The following features are likely to influence employee attrition, though their effects are slightly weaker than the top features:

1. Education Field
    - Employees studying Human Resources are more likely to leave.
    - Attrition rate for Human Resources: 0.26
    - ANOVA p-value: 0.0067

2. Job Level
    - Lower job levels are associated with higher attrition.
    - Correlation with Attrition: -0.17 (slightly negative)
    - Violin plots indicate higher attrition among employees in lower job levels.

3. Monthly Income
    - Employees with lower monthly income tend to leave more frequently.
    - Correlation with Attrition: -0.16 (slightly negative)
    - Violin plots visually support this trend.

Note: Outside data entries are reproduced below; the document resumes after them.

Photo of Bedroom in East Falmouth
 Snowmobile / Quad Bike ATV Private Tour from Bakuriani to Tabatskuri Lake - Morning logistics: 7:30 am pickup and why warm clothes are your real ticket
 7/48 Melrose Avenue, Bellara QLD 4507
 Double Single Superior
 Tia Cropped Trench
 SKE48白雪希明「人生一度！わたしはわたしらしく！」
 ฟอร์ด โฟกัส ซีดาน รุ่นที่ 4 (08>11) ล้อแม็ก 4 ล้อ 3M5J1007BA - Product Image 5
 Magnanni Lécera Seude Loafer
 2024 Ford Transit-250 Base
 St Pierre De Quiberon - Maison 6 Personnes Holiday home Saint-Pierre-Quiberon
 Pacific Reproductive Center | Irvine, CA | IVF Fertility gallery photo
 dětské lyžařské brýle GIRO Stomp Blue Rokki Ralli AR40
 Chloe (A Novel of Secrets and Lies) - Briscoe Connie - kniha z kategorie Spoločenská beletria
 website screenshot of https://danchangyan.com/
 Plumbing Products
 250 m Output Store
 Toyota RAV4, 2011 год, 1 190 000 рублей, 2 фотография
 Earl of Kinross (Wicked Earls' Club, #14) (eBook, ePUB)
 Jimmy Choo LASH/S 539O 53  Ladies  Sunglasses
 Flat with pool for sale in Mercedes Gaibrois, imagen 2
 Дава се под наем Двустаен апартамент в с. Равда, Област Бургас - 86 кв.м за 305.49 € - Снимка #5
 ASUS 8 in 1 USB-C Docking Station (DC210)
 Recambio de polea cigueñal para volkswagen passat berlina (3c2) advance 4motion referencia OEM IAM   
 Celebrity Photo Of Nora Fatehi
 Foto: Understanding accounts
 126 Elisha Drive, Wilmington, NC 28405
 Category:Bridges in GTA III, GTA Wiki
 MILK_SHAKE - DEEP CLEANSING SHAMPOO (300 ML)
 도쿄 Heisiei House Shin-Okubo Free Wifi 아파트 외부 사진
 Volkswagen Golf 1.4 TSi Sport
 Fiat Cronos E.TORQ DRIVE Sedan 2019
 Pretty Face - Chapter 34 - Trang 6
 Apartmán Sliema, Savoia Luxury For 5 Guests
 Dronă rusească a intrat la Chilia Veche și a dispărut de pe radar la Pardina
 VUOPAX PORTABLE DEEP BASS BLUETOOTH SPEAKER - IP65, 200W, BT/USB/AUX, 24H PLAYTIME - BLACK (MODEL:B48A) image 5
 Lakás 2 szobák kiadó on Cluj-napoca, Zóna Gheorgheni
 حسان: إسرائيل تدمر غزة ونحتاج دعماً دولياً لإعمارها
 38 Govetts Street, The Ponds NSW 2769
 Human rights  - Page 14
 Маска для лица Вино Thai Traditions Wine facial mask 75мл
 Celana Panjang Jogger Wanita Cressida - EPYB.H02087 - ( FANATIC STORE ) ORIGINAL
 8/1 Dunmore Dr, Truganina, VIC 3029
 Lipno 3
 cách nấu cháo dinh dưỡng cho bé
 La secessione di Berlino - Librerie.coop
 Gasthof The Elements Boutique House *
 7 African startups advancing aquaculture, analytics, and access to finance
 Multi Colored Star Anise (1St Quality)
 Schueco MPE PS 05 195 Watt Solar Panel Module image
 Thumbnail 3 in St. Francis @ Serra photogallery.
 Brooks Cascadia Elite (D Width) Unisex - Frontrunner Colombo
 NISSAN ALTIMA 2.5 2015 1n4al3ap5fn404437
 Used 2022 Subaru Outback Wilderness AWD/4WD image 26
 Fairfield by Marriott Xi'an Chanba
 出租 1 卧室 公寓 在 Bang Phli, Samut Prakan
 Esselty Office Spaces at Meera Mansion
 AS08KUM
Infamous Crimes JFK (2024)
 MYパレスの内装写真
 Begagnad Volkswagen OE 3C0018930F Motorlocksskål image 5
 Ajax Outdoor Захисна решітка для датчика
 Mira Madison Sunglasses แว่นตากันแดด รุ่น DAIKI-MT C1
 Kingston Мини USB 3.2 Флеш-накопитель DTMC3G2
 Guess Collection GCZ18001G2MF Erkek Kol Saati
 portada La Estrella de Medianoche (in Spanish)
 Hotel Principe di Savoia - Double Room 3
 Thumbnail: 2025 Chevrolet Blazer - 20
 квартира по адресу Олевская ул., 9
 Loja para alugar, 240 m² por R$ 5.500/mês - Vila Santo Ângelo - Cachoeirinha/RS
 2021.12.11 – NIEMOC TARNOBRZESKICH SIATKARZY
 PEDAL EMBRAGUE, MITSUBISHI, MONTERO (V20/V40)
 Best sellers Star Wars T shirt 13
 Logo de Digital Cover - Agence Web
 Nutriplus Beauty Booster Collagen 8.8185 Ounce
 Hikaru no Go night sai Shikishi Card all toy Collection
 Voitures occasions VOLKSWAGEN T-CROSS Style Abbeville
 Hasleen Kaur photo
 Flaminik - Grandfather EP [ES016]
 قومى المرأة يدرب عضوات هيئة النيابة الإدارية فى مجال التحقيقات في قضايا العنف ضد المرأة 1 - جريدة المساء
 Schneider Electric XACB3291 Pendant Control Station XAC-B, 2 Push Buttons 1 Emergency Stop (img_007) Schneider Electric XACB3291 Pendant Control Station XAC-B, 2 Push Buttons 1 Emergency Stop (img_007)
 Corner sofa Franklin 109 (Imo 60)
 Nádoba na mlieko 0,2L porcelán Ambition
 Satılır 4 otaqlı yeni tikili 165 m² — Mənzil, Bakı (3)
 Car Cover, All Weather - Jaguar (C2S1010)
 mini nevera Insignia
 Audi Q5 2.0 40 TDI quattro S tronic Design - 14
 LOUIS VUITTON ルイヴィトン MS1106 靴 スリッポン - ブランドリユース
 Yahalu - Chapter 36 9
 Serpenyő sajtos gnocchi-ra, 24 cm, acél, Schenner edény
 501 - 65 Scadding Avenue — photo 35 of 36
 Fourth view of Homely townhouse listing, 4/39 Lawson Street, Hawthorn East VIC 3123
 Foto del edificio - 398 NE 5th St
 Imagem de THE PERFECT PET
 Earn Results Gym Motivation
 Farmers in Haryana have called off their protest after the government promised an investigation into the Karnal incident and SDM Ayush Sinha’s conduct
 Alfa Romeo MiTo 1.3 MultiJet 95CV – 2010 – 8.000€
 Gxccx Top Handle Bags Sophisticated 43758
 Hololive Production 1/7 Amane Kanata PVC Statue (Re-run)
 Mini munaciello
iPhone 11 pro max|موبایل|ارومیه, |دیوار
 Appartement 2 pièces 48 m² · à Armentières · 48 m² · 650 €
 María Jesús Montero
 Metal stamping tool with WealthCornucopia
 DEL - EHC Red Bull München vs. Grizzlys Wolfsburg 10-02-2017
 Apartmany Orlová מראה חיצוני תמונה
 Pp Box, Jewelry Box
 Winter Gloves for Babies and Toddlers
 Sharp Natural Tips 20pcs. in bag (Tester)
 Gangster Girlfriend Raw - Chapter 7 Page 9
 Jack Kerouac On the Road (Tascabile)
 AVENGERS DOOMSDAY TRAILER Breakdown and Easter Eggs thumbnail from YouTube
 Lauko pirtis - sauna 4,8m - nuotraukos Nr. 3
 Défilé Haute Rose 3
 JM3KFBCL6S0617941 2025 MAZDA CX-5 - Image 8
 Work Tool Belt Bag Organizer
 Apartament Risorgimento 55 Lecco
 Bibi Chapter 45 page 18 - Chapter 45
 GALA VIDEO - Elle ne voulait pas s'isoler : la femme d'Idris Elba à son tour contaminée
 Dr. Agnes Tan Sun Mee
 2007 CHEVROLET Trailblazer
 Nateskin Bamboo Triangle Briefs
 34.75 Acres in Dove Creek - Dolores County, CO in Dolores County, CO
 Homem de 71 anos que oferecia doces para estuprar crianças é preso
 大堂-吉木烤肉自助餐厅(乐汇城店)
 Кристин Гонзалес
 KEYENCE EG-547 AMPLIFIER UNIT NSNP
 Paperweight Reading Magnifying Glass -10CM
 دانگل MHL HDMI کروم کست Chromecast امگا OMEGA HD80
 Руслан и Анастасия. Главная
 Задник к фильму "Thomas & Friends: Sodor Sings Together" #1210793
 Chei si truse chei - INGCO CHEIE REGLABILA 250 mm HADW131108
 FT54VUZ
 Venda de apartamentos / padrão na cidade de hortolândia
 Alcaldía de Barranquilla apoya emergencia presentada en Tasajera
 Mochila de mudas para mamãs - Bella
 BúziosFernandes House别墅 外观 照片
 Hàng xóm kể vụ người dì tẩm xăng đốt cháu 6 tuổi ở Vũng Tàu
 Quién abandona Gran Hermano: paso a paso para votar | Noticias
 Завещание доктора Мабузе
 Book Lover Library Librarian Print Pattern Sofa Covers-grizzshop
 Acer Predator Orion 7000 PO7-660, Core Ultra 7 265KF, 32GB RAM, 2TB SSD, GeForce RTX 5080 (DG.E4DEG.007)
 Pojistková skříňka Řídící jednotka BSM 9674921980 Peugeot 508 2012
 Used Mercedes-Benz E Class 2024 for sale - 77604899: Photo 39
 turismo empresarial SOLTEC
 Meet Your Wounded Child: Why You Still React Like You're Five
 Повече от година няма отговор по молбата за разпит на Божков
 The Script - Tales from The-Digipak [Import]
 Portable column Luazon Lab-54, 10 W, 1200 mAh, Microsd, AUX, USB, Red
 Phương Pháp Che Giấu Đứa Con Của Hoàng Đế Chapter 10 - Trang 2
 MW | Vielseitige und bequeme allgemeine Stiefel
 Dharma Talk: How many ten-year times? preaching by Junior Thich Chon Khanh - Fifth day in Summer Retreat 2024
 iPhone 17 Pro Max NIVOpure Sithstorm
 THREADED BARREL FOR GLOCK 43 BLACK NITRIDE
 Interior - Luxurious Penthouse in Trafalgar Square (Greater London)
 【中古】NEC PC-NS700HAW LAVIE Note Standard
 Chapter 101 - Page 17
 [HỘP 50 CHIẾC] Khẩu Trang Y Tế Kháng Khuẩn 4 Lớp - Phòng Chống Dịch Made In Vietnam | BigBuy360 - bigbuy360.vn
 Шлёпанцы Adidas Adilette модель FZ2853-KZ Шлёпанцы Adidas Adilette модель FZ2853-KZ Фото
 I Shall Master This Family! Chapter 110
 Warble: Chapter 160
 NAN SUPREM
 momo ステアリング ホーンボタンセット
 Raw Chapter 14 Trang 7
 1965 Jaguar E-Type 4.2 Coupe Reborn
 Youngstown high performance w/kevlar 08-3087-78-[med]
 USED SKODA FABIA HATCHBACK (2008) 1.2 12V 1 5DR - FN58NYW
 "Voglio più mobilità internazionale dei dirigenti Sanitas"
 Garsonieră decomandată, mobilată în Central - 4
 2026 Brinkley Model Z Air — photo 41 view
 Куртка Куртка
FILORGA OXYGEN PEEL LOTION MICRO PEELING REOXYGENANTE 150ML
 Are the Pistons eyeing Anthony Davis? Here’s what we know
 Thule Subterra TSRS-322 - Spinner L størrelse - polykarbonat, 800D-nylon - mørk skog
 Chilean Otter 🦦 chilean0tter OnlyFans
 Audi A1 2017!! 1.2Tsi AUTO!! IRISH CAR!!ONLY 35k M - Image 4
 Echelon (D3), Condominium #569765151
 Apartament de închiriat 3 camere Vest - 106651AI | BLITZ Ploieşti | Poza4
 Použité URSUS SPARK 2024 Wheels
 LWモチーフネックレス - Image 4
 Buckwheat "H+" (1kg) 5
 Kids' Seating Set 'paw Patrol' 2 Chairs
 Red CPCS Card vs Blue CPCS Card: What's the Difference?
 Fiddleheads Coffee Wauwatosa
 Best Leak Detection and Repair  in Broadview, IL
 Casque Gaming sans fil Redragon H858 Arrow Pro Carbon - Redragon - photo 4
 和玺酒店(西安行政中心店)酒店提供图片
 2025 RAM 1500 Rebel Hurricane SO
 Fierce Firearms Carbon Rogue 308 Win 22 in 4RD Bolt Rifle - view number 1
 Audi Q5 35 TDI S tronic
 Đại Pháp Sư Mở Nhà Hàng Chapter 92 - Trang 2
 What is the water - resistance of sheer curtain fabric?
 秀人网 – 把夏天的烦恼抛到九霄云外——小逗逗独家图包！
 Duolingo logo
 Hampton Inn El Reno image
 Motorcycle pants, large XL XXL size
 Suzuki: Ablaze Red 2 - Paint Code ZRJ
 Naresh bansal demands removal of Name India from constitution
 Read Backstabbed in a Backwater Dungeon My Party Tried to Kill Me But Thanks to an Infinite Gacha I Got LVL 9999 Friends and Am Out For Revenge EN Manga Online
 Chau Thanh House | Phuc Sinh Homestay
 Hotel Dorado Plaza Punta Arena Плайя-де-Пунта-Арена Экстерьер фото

4. Tenure-related features
    - Total Working Years, Age, Years with Current Manager, and Years in Current Role
    - Lower values in these features are associated with higher attrition.
    - Slightly negative for all tenure-related features, ranging from -0.16, with Total Working Years showing the strongest negative correlation at -0.17.
    - Violin plots show higher attrition rates for employees with lower tenure and experience.

## Insight 3
The following features slightly influence employee attrition:

1. Job Satisfaction & Environment Satisfaction
    - Employees with lower job satisfaction or lower environment satisfaction tend to have higher attrition rates.
    - Violin plots clearly show that attrition is concentrated among employees with lower satisfaction scores.

2. Daily Rate & Hourly Rate
    - Employees with lower daily or hourly rates are slightly more likely to leave.
    - Violin plots indicate higher attrition among employees with lower pay rates.

## Insight 4

The following features appear to have little or no influence on employee attrition:

1. Salary Hike
2. Stock Option Level
3. Training Times Last Year
4. Relationship Satisfaction

Analysis and visualizations indicate that variations in these features do not significantly affect attrition rates.